Some like in all other countries on the planet did better…in fact, much better than others. This is the nature of the beast called mankind: the animal called humanity, whatever the race, colour, religion or nationality of the beast, the name of the game is “Survival of the fittest”. It is against this background, my fellow brothers, countrymen, patriots Trevor Sudama, Gerald Ramdeen, Israel Khan, that even at this advanced age of 88-plus, with a fading memory I wish to assure you, Brother Khan, that there is no necessity for trembling; to inform Brother Ramdeen that it was not only the Indo Trinbagonians that worked hard, made sacrifices and succeeded. We all did. Brother Trevor has no reason to feel threatened by my statement: like Covid-19, we are all in this together.

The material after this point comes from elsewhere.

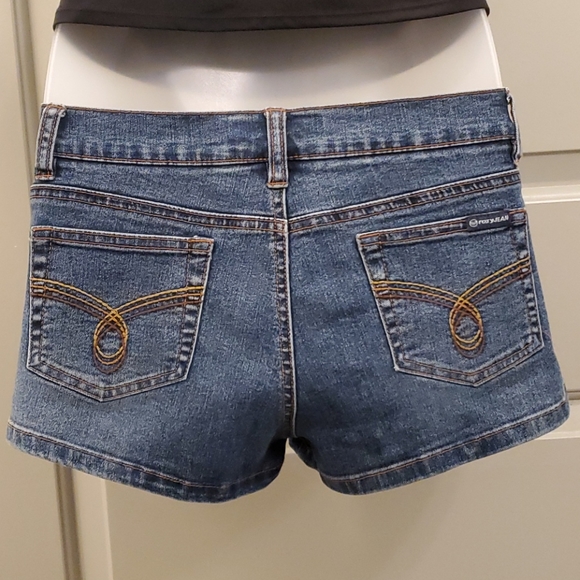 Roxy Jean shorts - Picture 4 of 10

T&T belongs to all of us and has in fact been good to all of us. To date, after 74 years of adult suffrage, 58 years of Independence, none, not one of our prime ministers from Dr Eric Williams to Dr Keith Rowley inclusive of Basdeo Panday and Kamla Persad-Bissessar has wilfully and/or deliberately engaged in “institutionalised discrimination”. Nepotism, yes —they are all guilty of party patronage, party handouts: this is the price we pay for our system of democracy: “winner take all”.

NB: Just to remind Israel Khan SC

(1) that the first Indo Trinbagonian chief justice, Sir Isaac Hyatali was appointed under a PNM government in preference to Justice Clement Phillips

(2) the most powerful opponents to Kamaluddin Mohammed and Errol Mahabir after Dr Williams’ death in 1981 were the then Opposition Leader of the UNC Basdeo Panday who relentlessly accused them of being the twins of corruption. Mahabir was not spared on the infamous Japanese Garden. Poor Kamal was almost beaten to his political death on the altar of his association with the Motilal Moonan empire.

As party organiser of the ONR, I was part of that political strike squad to destroy these two powerful political opponents. I, subsequently apologised to both Mahabir and Mohammed before they departed. The party decision to select George Chambers was not only the correct political decision. It saved the PNM from what was a sure cut arse in 1981 which did not escape them in 1986. It had nothing to do with race. Chambers’s only asset in 1981 is the fact that he was squeaky clean. The rest is now history!

To my brothers and fellow patriots (Trevor, Gerald and Israel) all I ask of you is to stop fanning a fire you cannot out.

(3) It was Arthur NR Robinson that gave the country its first Indo-Trinbagonian prime minister.

(4) PNM Patrick Manning’s government approved a second term as president for Noor Hassanali.

Thanks for the opportunity of providing you with some more unquestionable facts.